Connect Google Cloud Account
GCP connects via OAuth. Sign in with Google, authorize, and you're set.
Prerequisites
- A GCP project with billing enabled
- Owner or Editor role on the project
- Required APIs enabled (see below)
Enable Required APIs
Before connecting, enable these APIs in your GCP project (APIs & Services > Enable APIs):
| API | Purpose | Direct Link |
|---|---|---|
| Compute Engine API | Create/manage VMs | Enable (opens in a new tab) |
| Cloud Resource Manager API | List projects | Enable (opens in a new tab) |
| Cloud Storage API | Manage buckets | Enable (opens in a new tab) |
| Cloud DNS API | Manage DNS zones | Enable (opens in a new tab) |
If you skip this step, you'll get "API not enabled" errors when trying to use OEC.sh features.
Connect via OAuth
- Go to Settings > Cloud Accounts > Add Account
- Click Google Cloud under One-Click Connect
- Sign in with your Google account
- Review permissions and click Continue
You may see "This app isn't verified" -- this is normal. Click Advanced > Go to OEC.sh (unsafe) to proceed.

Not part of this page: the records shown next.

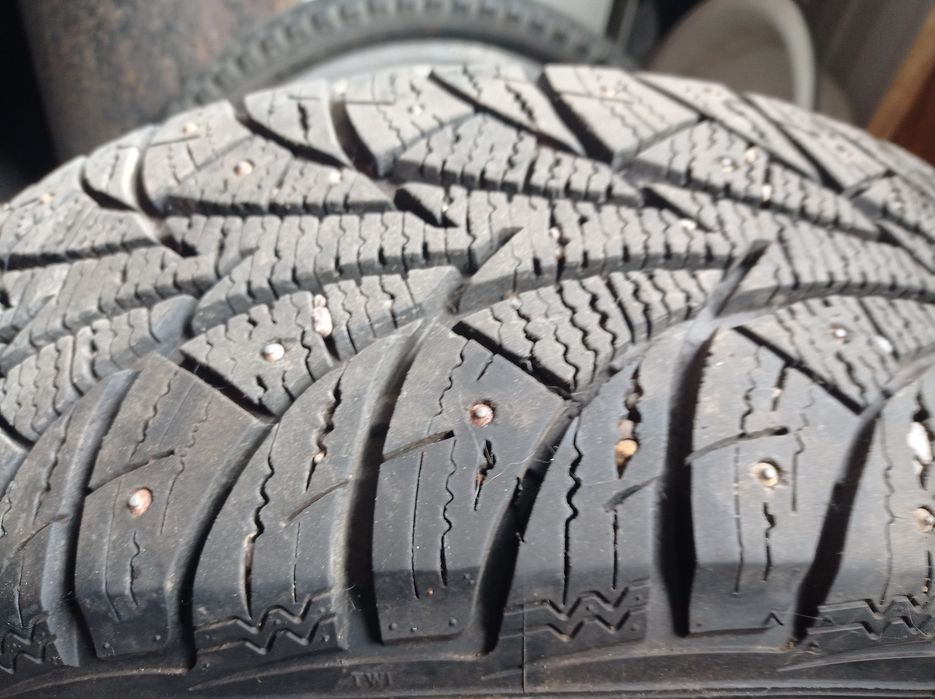 Шины на 16. Продам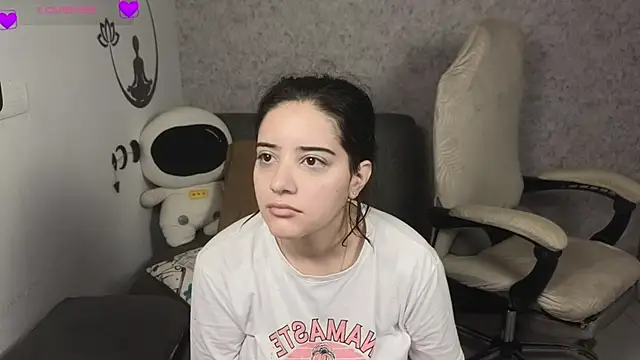 Snapshot of blue__moon_ chatting on March 2025 12:37:02 AM blue moon online show from March 2025 12:37:02 AM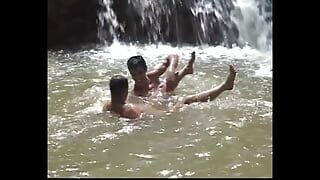 温泉はブラジルのCaipoeraダンサーが好きへ吸うと性交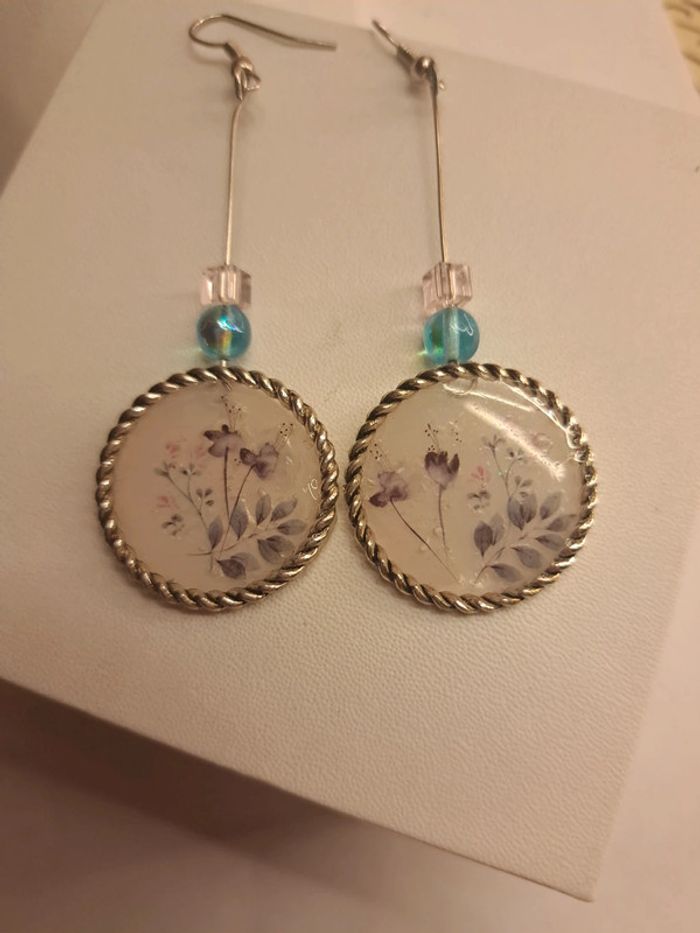 Boucles d'oreilles pendante en résine florale - photo numéro 10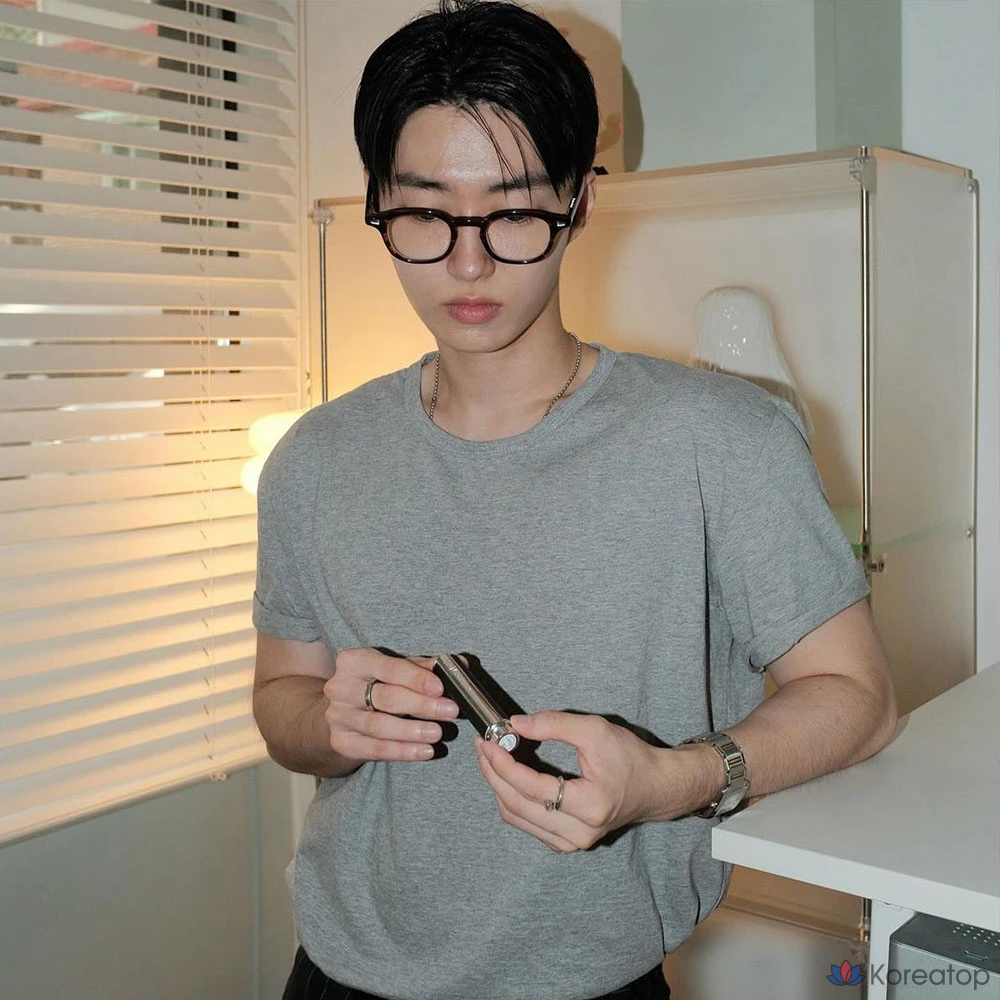 Бальзам для губ YNM Men's Vita Vitality, черный матовый кожаный, 1 шт.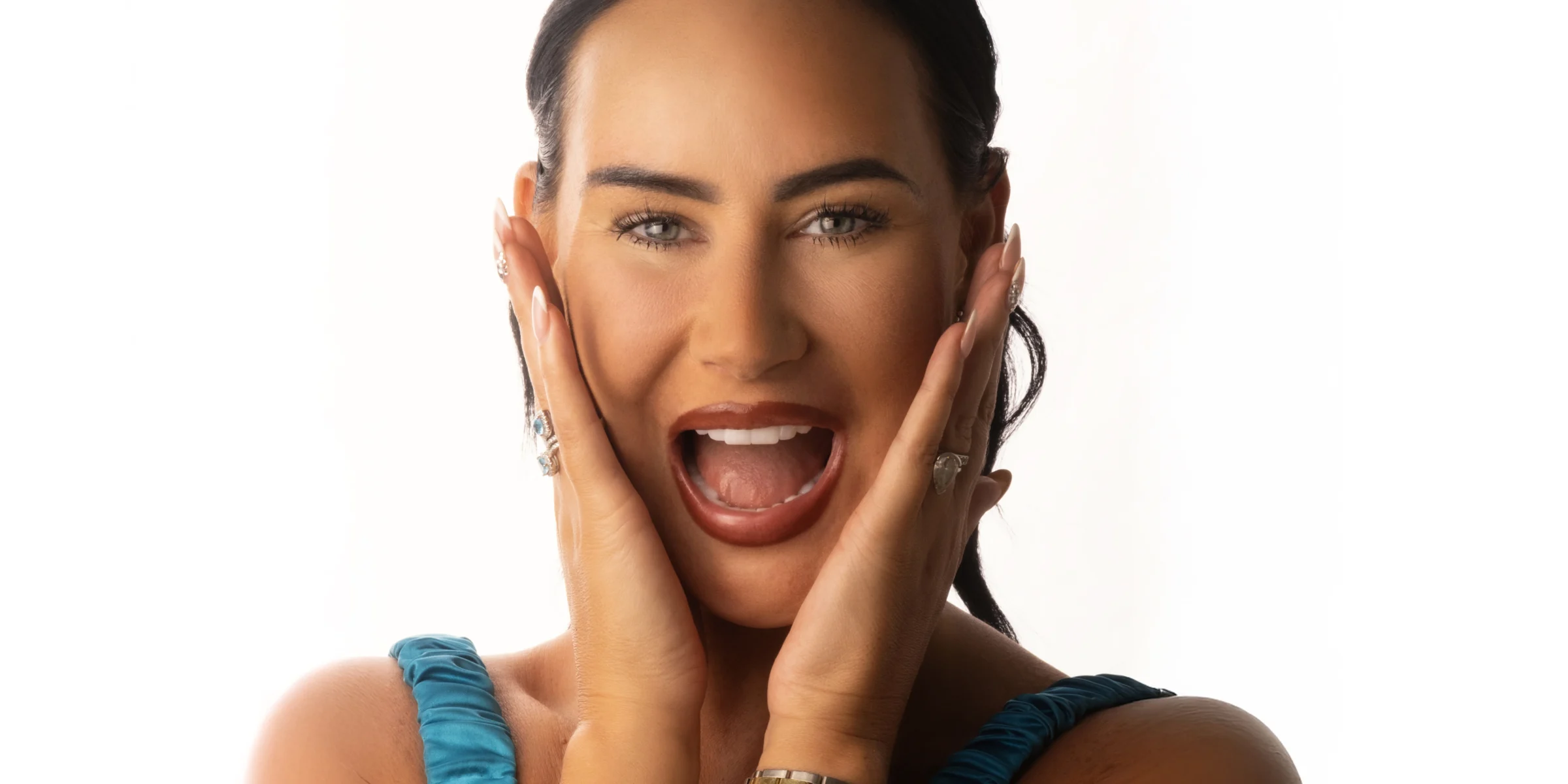 Smile design treatment process at DRA Dental Clinic showing facial and dental aesthetic analysis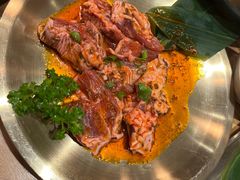 -青瓦餐厅·生鱼片·韩园烤肉(西塔店)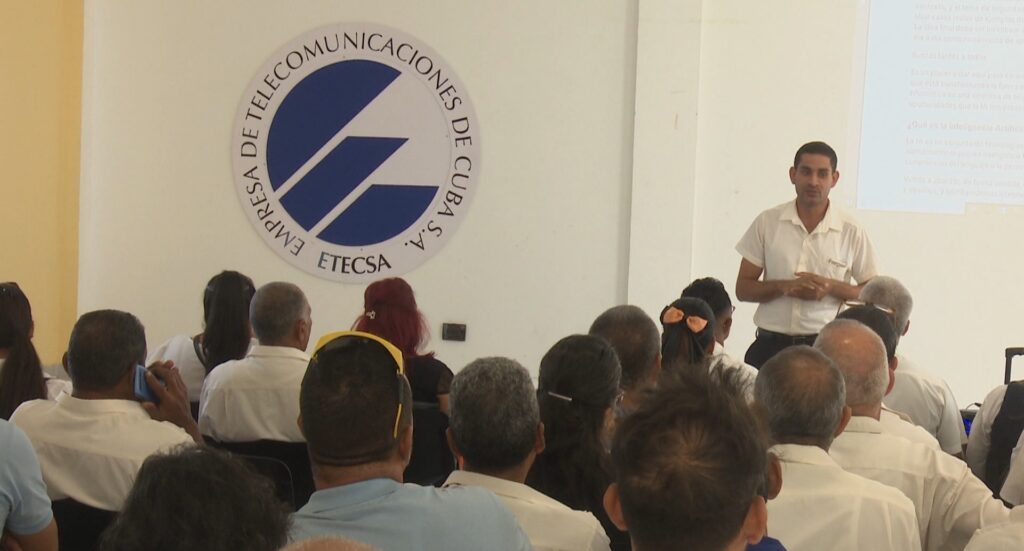 Realiza División Territorial de ETECSA en Granma Fórum por la innovación (+Fotos)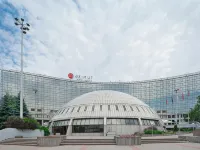 AZIMUT City Hotel Olympic Moscow (АЗИМУТ Сити Отель Олимпик) Отели рядом с достопримечательностью ««Халяль»»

The account shows Active with Compute, Storage, and DNS badges.
Permissions Requested
| Scope | Purpose |
|---|---|
compute | Manage Compute Engine VMs |
cloud-platform.read-only | List projects and resources |
openid, email, profile | Identify your account |
Using Your GCP Account
Servers -- Go to Servers > Add Server > Provision from Cloud. Pick project, region/zone (e.g., us-central1-a), and machine type (e.g., e2-medium).
Backups -- Go to Settings > Storage > Quick Setup. Select or create a Cloud Storage bucket. GCP Cloud Storage is S3-compatible via HMAC keys -- OEC.sh handles this automatically.
DNS -- Go to Settings > DNS Providers > Quick Setup. Select a Cloud DNS managed zone.
Regions
| Region | Zones | Location |
|---|---|---|
us-central1 | a, b, c, f | Iowa |
us-east1 | b, c, d | South Carolina |
europe-west1 | b, c, d | Belgium |
europe-west4 | a, b, c | Netherlands |
asia-east1 | a, b, c | Taiwan |
asia-southeast1 | a, b, c | Singapore |
Token Management
Tokens refresh automatically. If the account expires (password change, 2FA reset, or revoked access), click Reconnect and re-authorize.
To fully disconnect: delete the account in OEC.sh, then revoke OEC.sh access in Google Security Settings (opens in a new tab).
Alternative: Service Account Key
If OAuth doesn't work for your setup (e.g., automated pipelines), you can use a service account:
- GCP Console > IAM & Admin > Service Accounts > Create
- Grant
compute.admin,storage.admin,dns.adminroles - Create and download a JSON key
- In OEC.sh, use API Key Authentication > Google Cloud and paste the JSON
OAuth is preferred since there's no key file to manage.
Troubleshooting
"API not enabled" -- Enable the missing API in GCP Console > APIs & Services. Wait a minute, then retry.
"No projects found" -- Create a GCP project, make sure billing is enabled, and verify you have Owner/Editor role.
VM creation fails -- Check quotas (IAM & Admin > Quotas), verify billing is active, and try a different zone.
Account shows "Expired" -- Password or 2FA change invalidated the token. Click Reconnect.
Cost Notes
| Resource | Billing |
|---|---|
| Compute Engine VMs | Per-second based on machine type |
| Cloud Storage | Per GB + network |
| Cloud DNS | Per zone/month + queries |
Use e2- machine types for the best cost efficiency. Preemptible VMs work well for non-production.